GIVEN MATERIAL:
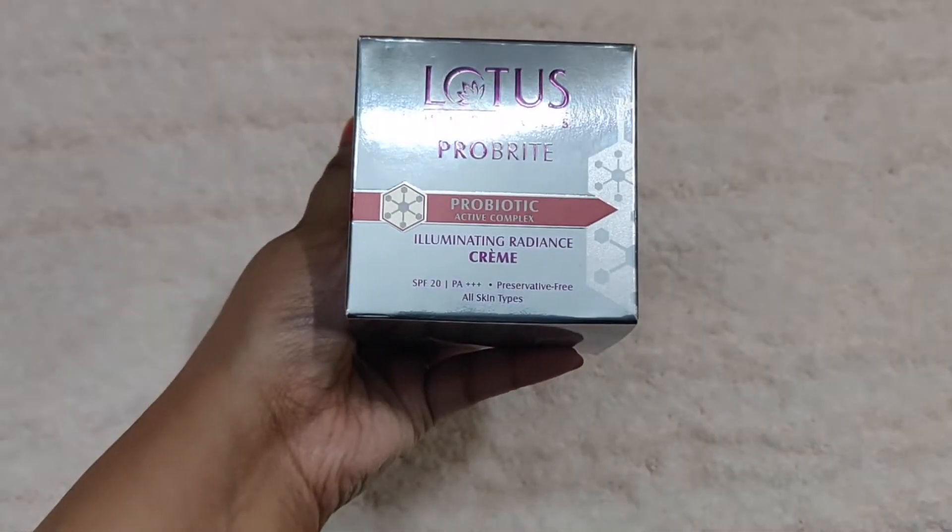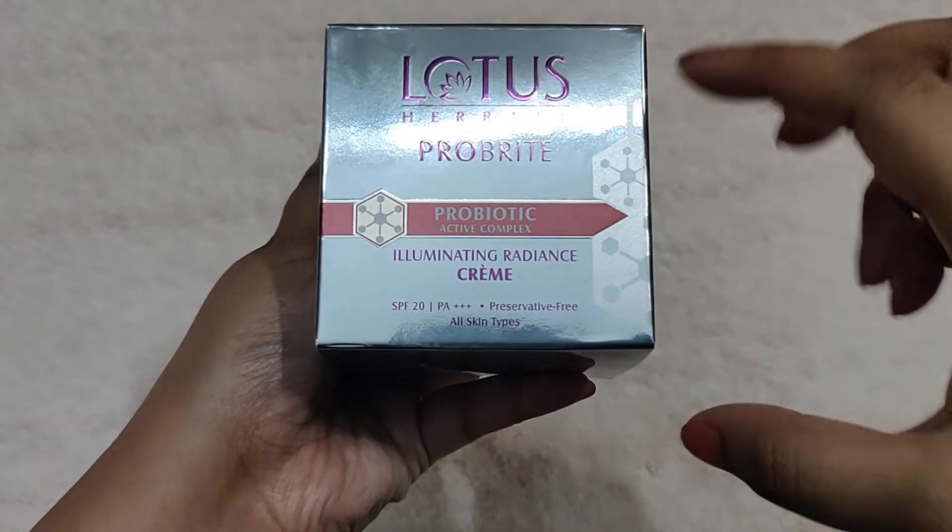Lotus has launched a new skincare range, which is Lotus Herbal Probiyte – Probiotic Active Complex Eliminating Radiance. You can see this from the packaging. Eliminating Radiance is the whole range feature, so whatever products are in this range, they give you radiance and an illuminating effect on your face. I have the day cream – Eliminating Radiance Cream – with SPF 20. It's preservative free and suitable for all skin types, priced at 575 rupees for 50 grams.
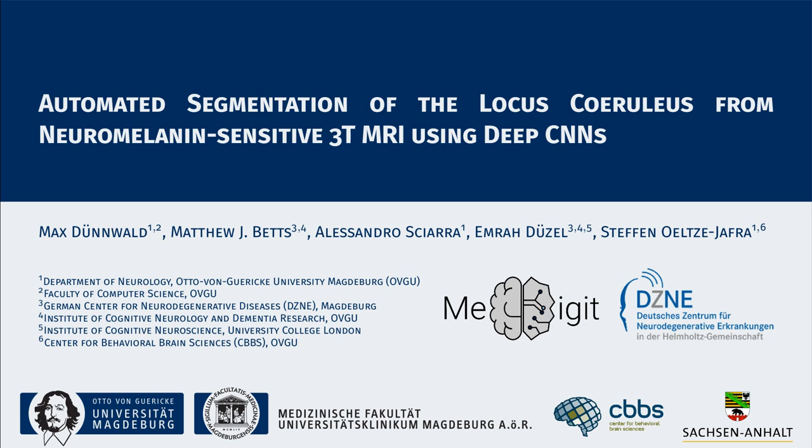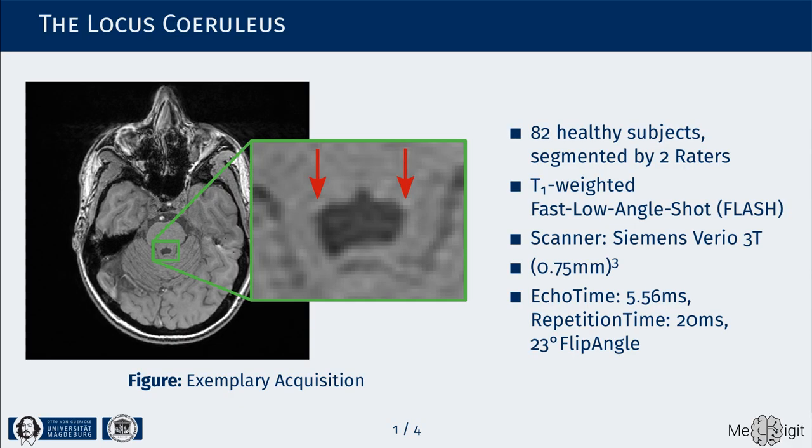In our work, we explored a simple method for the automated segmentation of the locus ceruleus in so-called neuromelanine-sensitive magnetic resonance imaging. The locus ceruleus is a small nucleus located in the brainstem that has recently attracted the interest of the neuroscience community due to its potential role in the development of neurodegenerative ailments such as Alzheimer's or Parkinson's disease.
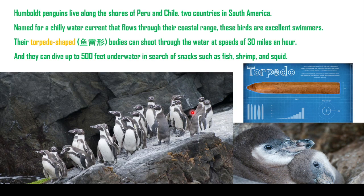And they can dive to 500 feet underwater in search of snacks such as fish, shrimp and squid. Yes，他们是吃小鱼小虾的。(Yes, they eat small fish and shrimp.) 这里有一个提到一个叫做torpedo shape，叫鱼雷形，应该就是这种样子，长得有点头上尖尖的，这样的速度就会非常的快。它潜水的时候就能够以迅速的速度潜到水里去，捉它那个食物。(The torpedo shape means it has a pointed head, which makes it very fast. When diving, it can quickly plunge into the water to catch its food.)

WORK TO BE COMPLETED:
Once the pictures are set aside, please reproduce the remaining material word for word.

EXERCISE RESULT:
Lotus has launched a new skincare range, which is Lotus Herbal Probiyte – Probiotic Active Complex Eliminating Radiance. You can see this from the packaging. Eliminating Radiance is the whole range feature, so whatever products are in this range, they give you radiance and an illuminating effect on your face. I have the day cream – Eliminating Radiance Cream – with SPF 20. It's preservative free and suitable for all skin types, priced at 575 rupees for 50 grams.
In our work, we explored a simple method for the automated segmentation of the locus ceruleus in so-called neuromelanine-sensitive magnetic resonance imaging. The locus ceruleus is a small nucleus located in the brainstem that has recently attracted the interest of the neuroscience community due to its potential role in the development of neurodegenerative ailments such as Alzheimer's or Parkinson's disease.
And they can dive to 500 feet underwater in search of snacks such as fish, shrimp and squid. Yes，他们是吃小鱼小虾的。(Yes, they eat small fish and shrimp.) 这里有一个提到一个叫做torpedo shape，叫鱼雷形，应该就是这种样子，长得有点头上尖尖的，这样的速度就会非常的快。它潜水的时候就能够以迅速的速度潜到水里去，捉它那个食物。(The torpedo shape means it has a pointed head, which makes it very fast. When diving, it can quickly plunge into the water to catch its food.)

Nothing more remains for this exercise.